Let's look at a brief overview of each of these systems:
- Elasticsearch
- Logstash
- Kibana
Elasticsearch
Elasticsearch is a distributed open source search engine based on Apache Lucene, and released under an Apache 2.0 license (which means that it can be downloaded, used, and modified free of charge). It provides horizontal scalability, reliability, and multitenant capability for real-time search. Elasticsearch features are available through JSON over a RESTful API. The searching capabilities are backed by a schema-less Apache Lucene Engine, which allows it to dynamically index data without knowing the structure beforehand. Elasticsearch is able to achieve fast search responses because it uses indexing to search over the texts.
Elasticsearch is used by many big companies, such as GitHub, SoundCloud, FourSquare, Netflix, and many others. Some of the use cases are as follows:
- Wikipedia: This uses Elasticsearch to provide a full text search, and provide functionalities, such as search-as-you-type, and did-you-mean suggestions.
- The Guardian: This uses Elasticsearch to process 40 million documents per day, provide real-time analytics of site-traffic across the organization, and help understand audience engagement better.
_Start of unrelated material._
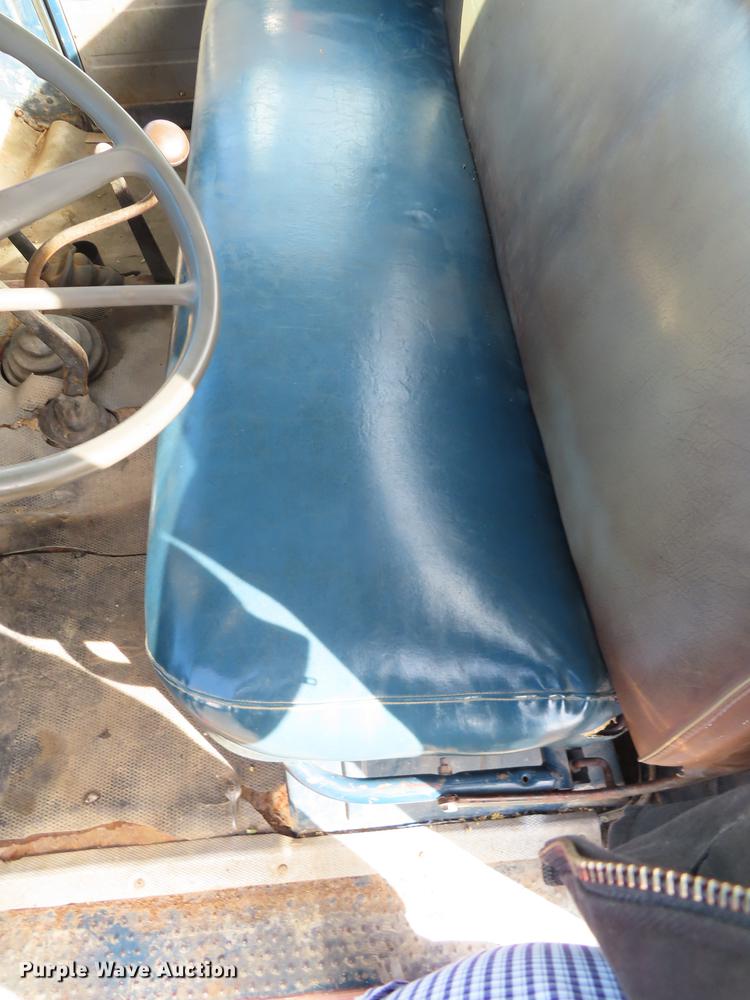 image for item L1496 1966 International 1700 truck cab and chassis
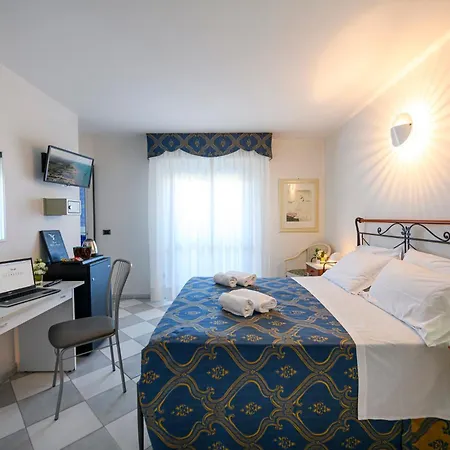 Falco Azzurro Hotel 3*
- StumbleUpon: This uses Elasticsearch to power intelligent searches across its platform and provide great recommendations to millions of customers.
- SoundCloud: This uses Elasticsearch to provide real-time search capabilities for millions of users across geographies.
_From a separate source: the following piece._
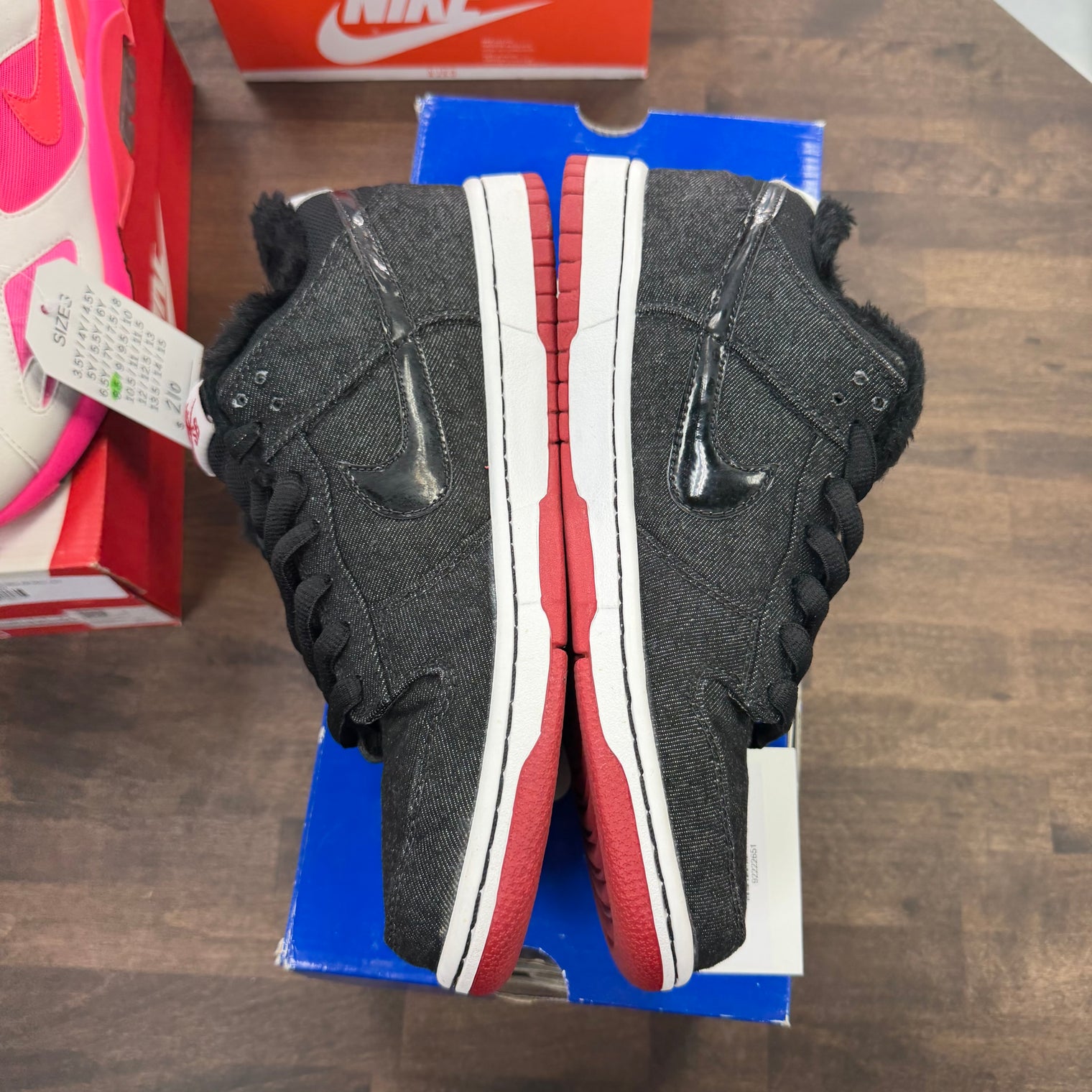 Larry Perkins Nike SB Dunk Low (2009) (USED)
- GitHub: This uses Elasticsearch to index over 8 million code repositories, and index multiple events across the platform, hence providing real-time search capabilities across it.
Some of the key features of Elasticsearch are:
- It is an open source distributed, scalable, and highly available real-time document store
- It provides real-time search and analysis capabilities
- It provides a sophisticated RESTful API to play around with lookup, and various features, such as multilingual search, geolocation, autocomplete, contextual did-you-mean suggestions, and result snippets
- It can be scaled horizontally easily and provides easy integrations with cloud-based infrastructures, such as AWS and others
Logstash
Logstash is a data pipeline that helps collect, parse, and analyze a large variety of structured and unstructured data and events generated across various systems. It provides plugins to connect to various types of input sources and platforms, and is designed to efficiently process logs, events, and unstructured data sources for distribution into a variety of outputs with the use of its output plugins, namely file, stdout
(as output on console running Logstash), or Elasticsearch.
It has the following key features:
- Centralized data processing: Logstash helps build a data pipeline that can centralize data processing. With the use of a variety of plugins for input and output, it can convert a lot of different input sources to a single common format.
- Support for custom log formats: Logs written by different applications often have particular formats specific to the application. Logstash helps parse and process custom formats on a large scale. It provides support to write your own filters for tokenization and also provides ready-to-use filters.
- Plugin development: Custom plugins can be developed and published, and there is a large variety of custom developed plugins already available.
Kibana
Kibana is an open source Apache 2.0 licensed data visualization platform that helps in visualizing any kind of structured and unstructured data stored in Elasticsearch indexes. Kibana is entirely written in HTML and JavaScript. It uses the powerful search and indexing capabilities of Elasticsearch exposed through its RESTful API to display powerful graphics for the end users. From basic business intelligence to real-time debugging, Kibana plays its role through exposing data through beautiful histograms, geomaps, pie charts, graphs, tables, and so on.
Kibana makes it easy to understand large volumes of data. Its simple browser-based interface enables you to quickly create and share dynamic dashboards that display changes to Elasticsearch queries in real time.
Some of the key features of Kibana are as follows:
- It provides flexible analytics and a visualization platform for business intelligence.
- It provides real-time analysis, summarization, charting, and debugging capabilities.
- It provides an intuitive and user friendly interface, which is highly customizable through some drag and drop features and alignments as and when needed.
- It allows saving the dashboard, and managing more than one dashboard. Dashboards can be easily shared and embedded within different systems.
- It allows sharing snapshots of logs that you have already searched through, and isolates multiple problem transactions.